A lot more goes into developing surety laws than the public might be aware of. Difficulties can arise at any point during the bonding process. The basic flow works like this:

  • Legislators use their discretion to write surety bond laws
  • Companies/individuals apply for bonds they’re required to purchase and hope they’re qualified
  • Surety providers decide which applicants to financially back with a bond

A lot of people don’t realize that when issues arise during the bonding process, they almost always stem from the same place: the surety bond amounts. Determining what any given surety bond amount (technically called a “penal sum”) should be is complicated. Recognizing the potential implications involved with setting excessive or insufficient bonding amounts can help legislators, business owners and surety providers alike better understand their roles in the process.

Legislators pass laws that require surety bonds in a certain amount. Sometimes this is done without proper consideration for what amount is in the best interest of the industry versus what’s in the best interest of the consumer. Sometimes the bond’s penal sum might be too low to actually provide adequate consumer protection. Conversely, if the amount is too high, certain individuals might not be able to qualify for the bond and/or pay for its premium.

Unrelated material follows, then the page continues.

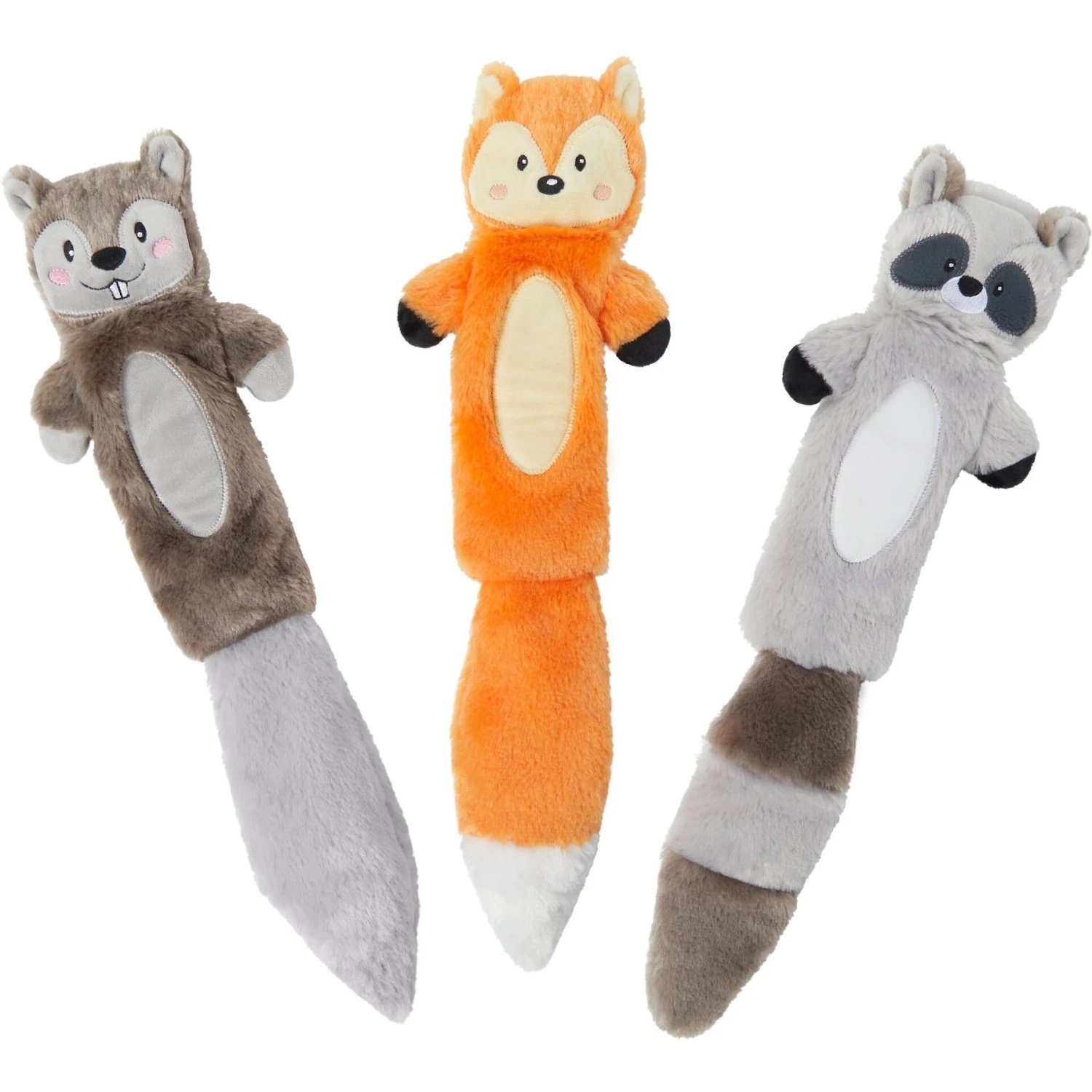 Frisco Forest Friends Stuffing-Free Skinny Plush Squeaky Dog Toy + 3 Items 4 Frisco Forest Friends Stuffing-Free Skinny Plush Squeaky Dog Toy + 3 Items - Image 2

Herein lies the problem in determining what the most effective bond amount is. The following examples represent the two major concerns with setting surety bond amounts.

Case study: the insufficient freight broker bond amount

The Fighting Fraud in Transportation Act of 2011 proposes the surety bond amount required of freight brokers be increased from just $10,000 to $100,000. The change was contrived because trucking companies continue to go out of business after being unable to collect due payments on brokered loads. These companies are currently unable to collect their due payments by making surety bond claims because the funds have already been depleted from previous claims. Increasing the bond amount from $10,000 to $100,000 would provide an additional financial cushion for such companies and allow them to stay in business.

However, some people have argued that increasing the bonding amount would discriminate against smaller transport companies that wouldn’t be able to afford the much larger bonds. When applicants have bad credit, surety providers typically require them to post collateral for the full bond amount before issuing them a freight broker bond. Continuing this practice with a $100,000 bonding amount would obviously keep some individuals from working in the industry. Supporters of the bill, though, point out that the new restriction would be completely understandable given the increased instances of industry fraud in recent years. To date, the bill is still under review.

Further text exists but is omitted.